Computer Architecture: How do applications communicate with an operating system?

Question

Prelude: This is admittedly a fairly broad question regarding computer architecture, but one that I hear from others and wonder about quite often myself. I also don't think that there is a direct or quick answer to this. However, I was hoping someone well-versed in systems architecture could provide some insight.

Some background: I am primarily a full-stack developer focusing mostly on web technologies and databases. I do have some background in C and tinkering with a good deal of low-level stuff, but that was a very long time ago and was non-academic. As such, I never got very deep into OS architecture, and this is one piece that eludes me. I am aware of various techniques and methods of accomplishing these tasks (especially on a higher level with technologies geared for this purpose), but am lacking a holistic picture/understanding of the low-level logistics of how this happens - particularly on an OS level.

The general question is: how do applications running inside of a "container" actually talk to the running instance of that container? By "container", I mean an instance of running code which is already loaded into memory (examples of such code could be an operating system, a graphics drawing interface, an application server, a driver, etc).

Also, this question applies only to compiled code, and to communication between systems running on the same machine.

For example

Let's say I build a simple library who's purpose is to draw a pixel on a screen. Let's also say this library has one method, drawPixel(int x, int y).

The library itself manages its own drawing context (which could be anything from a raw SVGA buffer to a desktop window). Applications using this API simply link dynamically against the library, and call the drawPixel method, without any awareness of the library's exact actions after the call.

Under the hood, this drawPixel method is supposed to draw to a window on the desktop, creating it if it doesn't exist on the first call.

However, technically what would happen if the setup was that straightforward & simple, is that each calling application would "pull & run" all of the code in drawPixel and its dependencies, effectively causing each running application to have its own running instance of the entire call chain (and thus, if it was called by 5 different applications, you'd end up with 5 different windows instead of a shared context to one window). (I hope I'm explaining this right)

So, my question is, how does this "sharing" happen in modern operating systems?

Would the code for drawPixel actually be replaced with IPC code?
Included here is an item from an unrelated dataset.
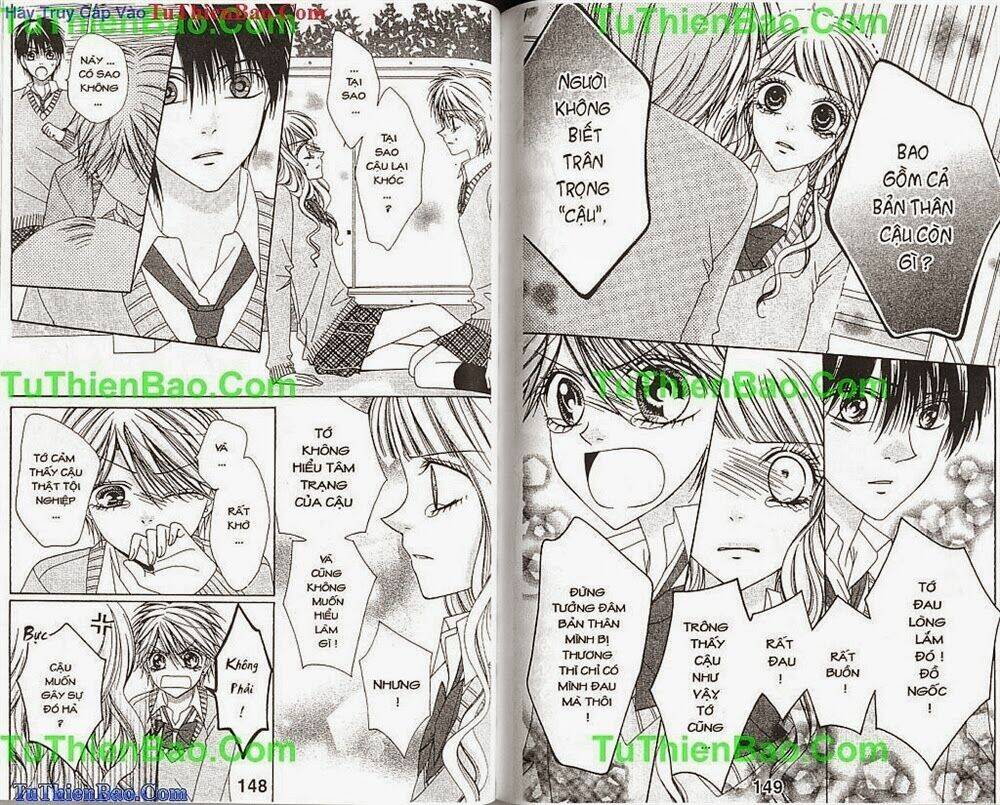 tình bạn đích thực chapter 11 75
Or would it be regular graphics code, but somehow "loaded" into the OS in a way that there is one universally accessible running instance of it, which other applications call at-will?

Some cases I'm aware of

I know that there are many approaches to this issue, and am aware of a few of them. However, all of these seem to address specific niches and have shortcomings; none appear to be comprehensive enough to explain the incredible capabilities (regarding interconnectedness of OS & app services) of modern application ecosystems.

For example:

In the old (DOS) days, I believe app <-> OS communication was accomplished via system interrupts.
In the UNIX world, this is done via stdin/stdout pipes on the console, and a network protocol in X Windows.
There were IPC platforms like COM+/DCOM/DCOP/DBus on Windows & Linux, but again, these appear to be geared at a specific purpose (building & managing components at scale; predecessors of present-day SOA).

The question

What are some of the other ways that this kind of communication can be facilitated? Or, more specifically, how "is this done" in a traditional sense, especially when it comes to OS APIs?

Some examples of more specific questions:

How does a kernel "load" a device driver on boot, which runs its own code (in an isolated space?) but still talks to the kernel above it, which is currently running in memory? How does this communication happen?
How are windowing subsystems (with the exception of X and Quartz, which use sockets) talked to by applications? I think WIN32 used interrupts (maybe it still does?), but how does the newer stuff work? I'd be very surprised to find out that even in the present day, sophisticated frameworks like WPF or Metro still boil down to calling interrupts. I'm actually not sure that WIN32 APIs are even used by these systems.
What about lower-level graphics subsystems like GDI+ and the Linux Framebuffer?

Note: I think in the case of WIN32 (and possibly GDI+), for example, you get a pointer (handle) to a context, so the concept is effectively "shared memory". But is it as simple as that? It would appear pretty unsafe to just get a raw pointer to a raw resource. Meaning, there are things that protect you from writing arbitrary data to this pointer, so I think it is more complex than that.

(this might be a bit out of context as its JVM specific) How do servlets running inside an application server talk to the actual application server? Meaning, how do they load themselves "inside the context" of the currently running server?
Same question for IIS - How exactly is the plumbing set-up so that IIS can control and communicate back & forth with a separate process running an ASP.NET application?

Note: I am not sure if this question makes much sense and may admittedly be dumb or poorly-worded. However, I was hoping that my point came across and that someone with a systems background could chime in on the standard "way of doing things" when it comes to these scenarios (if there is such a thing).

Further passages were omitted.